──────── SUPPLIED RECORDS ────────
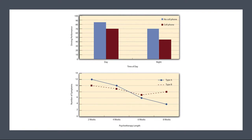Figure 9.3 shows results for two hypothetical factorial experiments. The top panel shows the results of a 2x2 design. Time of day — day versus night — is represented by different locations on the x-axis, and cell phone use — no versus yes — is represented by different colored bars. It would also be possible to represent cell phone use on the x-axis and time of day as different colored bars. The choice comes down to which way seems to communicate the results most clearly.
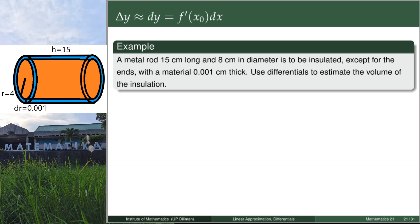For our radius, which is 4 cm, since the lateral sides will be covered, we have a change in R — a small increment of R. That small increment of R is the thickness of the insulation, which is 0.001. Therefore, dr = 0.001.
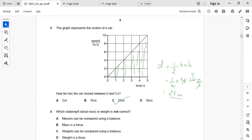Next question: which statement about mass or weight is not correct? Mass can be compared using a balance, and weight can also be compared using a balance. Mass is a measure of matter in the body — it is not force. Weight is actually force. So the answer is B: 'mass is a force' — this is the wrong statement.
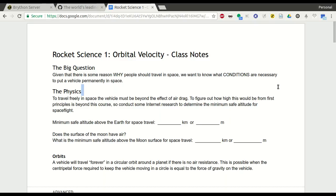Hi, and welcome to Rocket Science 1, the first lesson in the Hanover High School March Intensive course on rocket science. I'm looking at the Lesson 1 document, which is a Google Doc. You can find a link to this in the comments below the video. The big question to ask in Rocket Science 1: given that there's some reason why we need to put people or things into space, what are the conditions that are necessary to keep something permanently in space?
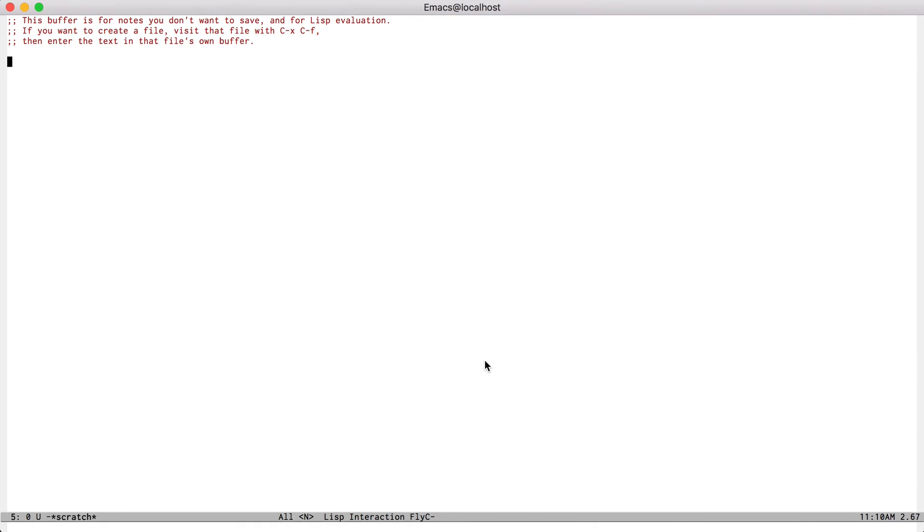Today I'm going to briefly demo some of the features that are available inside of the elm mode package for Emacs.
────────
──────── SUPPLIED RECORDS ────────
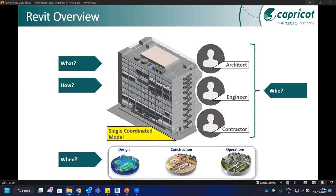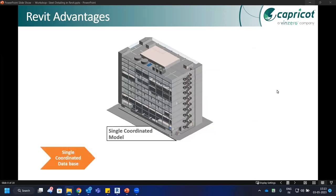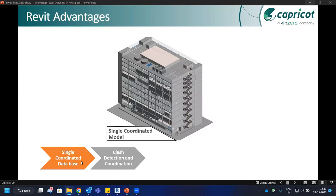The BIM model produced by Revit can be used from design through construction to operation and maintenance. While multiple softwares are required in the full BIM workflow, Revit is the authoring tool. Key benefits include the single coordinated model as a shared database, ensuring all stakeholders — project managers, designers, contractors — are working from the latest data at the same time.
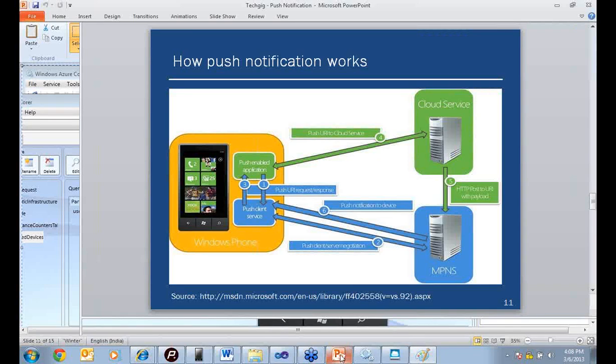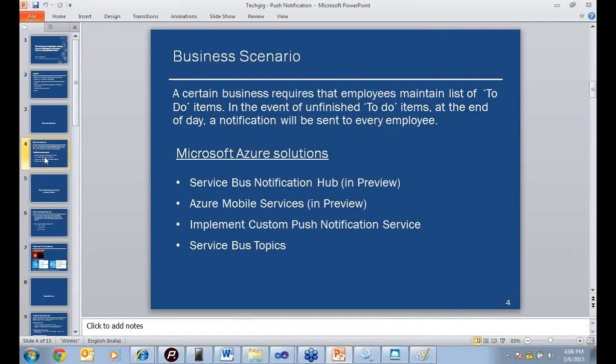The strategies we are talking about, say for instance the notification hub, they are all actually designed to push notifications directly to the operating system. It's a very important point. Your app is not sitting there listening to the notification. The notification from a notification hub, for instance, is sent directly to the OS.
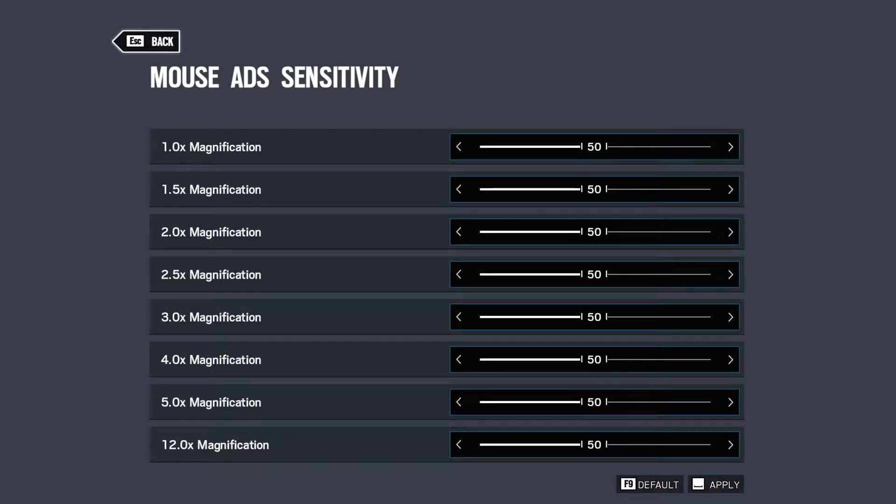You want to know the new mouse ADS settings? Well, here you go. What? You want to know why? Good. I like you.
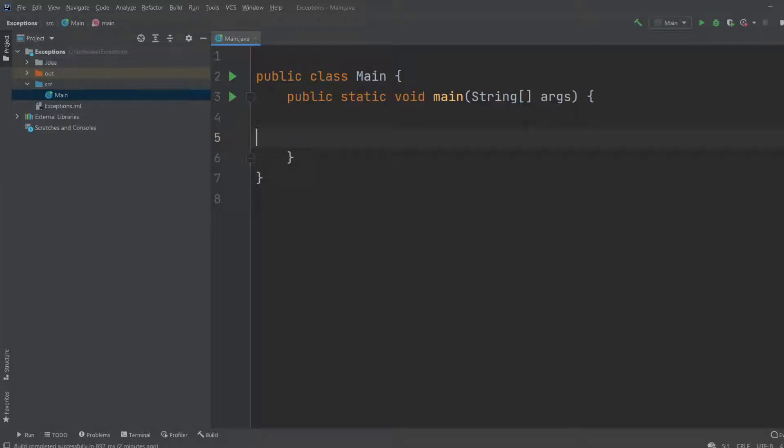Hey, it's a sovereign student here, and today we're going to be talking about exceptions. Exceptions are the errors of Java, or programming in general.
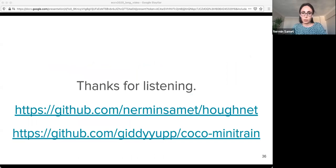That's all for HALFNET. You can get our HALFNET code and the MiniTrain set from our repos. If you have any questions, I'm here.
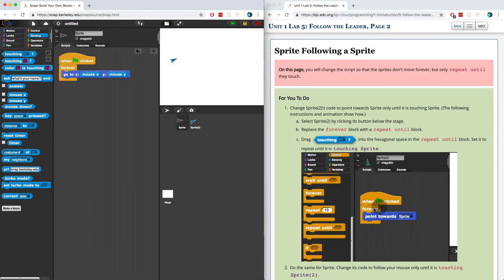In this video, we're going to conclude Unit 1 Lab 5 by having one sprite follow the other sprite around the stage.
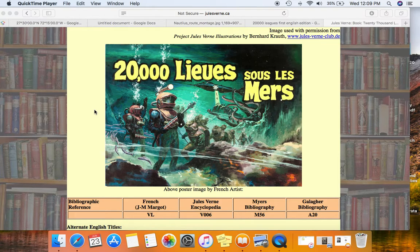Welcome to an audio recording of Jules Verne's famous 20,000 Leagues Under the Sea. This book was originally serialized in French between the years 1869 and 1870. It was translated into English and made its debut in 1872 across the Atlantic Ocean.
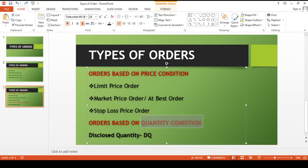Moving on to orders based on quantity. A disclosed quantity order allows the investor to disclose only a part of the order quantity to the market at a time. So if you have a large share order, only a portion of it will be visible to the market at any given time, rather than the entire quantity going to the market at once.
────────
> **ACTIVITY**: Transcribe only this stretch of the data: the line with "Figure 9.3 shows", the line with "Today I'm going", and every line in between. Leave out the pictures.

> **RESULT**:
Figure 9.3 shows results for two hypothetical factorial experiments. The top panel shows the results of a 2x2 design. Time of day — day versus night — is represented by different locations on the x-axis, and cell phone use — no versus yes — is represented by different colored bars. It would also be possible to represent cell phone use on the x-axis and time of day as different colored bars. The choice comes down to which way seems to communicate the results most clearly.
For our radius, which is 4 cm, since the lateral sides will be covered, we have a change in R — a small increment of R. That small increment of R is the thickness of the insulation, which is 0.001. Therefore, dr = 0.001.
Next question: which statement about mass or weight is not correct? Mass can be compared using a balance, and weight can also be compared using a balance. Mass is a measure of matter in the body — it is not force. Weight is actually force. So the answer is B: 'mass is a force' — this is the wrong statement.
Hi, and welcome to Rocket Science 1, the first lesson in the Hanover High School March Intensive course on rocket science. I'm looking at the Lesson 1 document, which is a Google Doc. You can find a link to this in the comments below the video. The big question to ask in Rocket Science 1: given that there's some reason why we need to put people or things into space, what are the conditions that are necessary to keep something permanently in space?
Today I'm going to briefly demo some of the features that are available inside of the elm mode package for Emacs.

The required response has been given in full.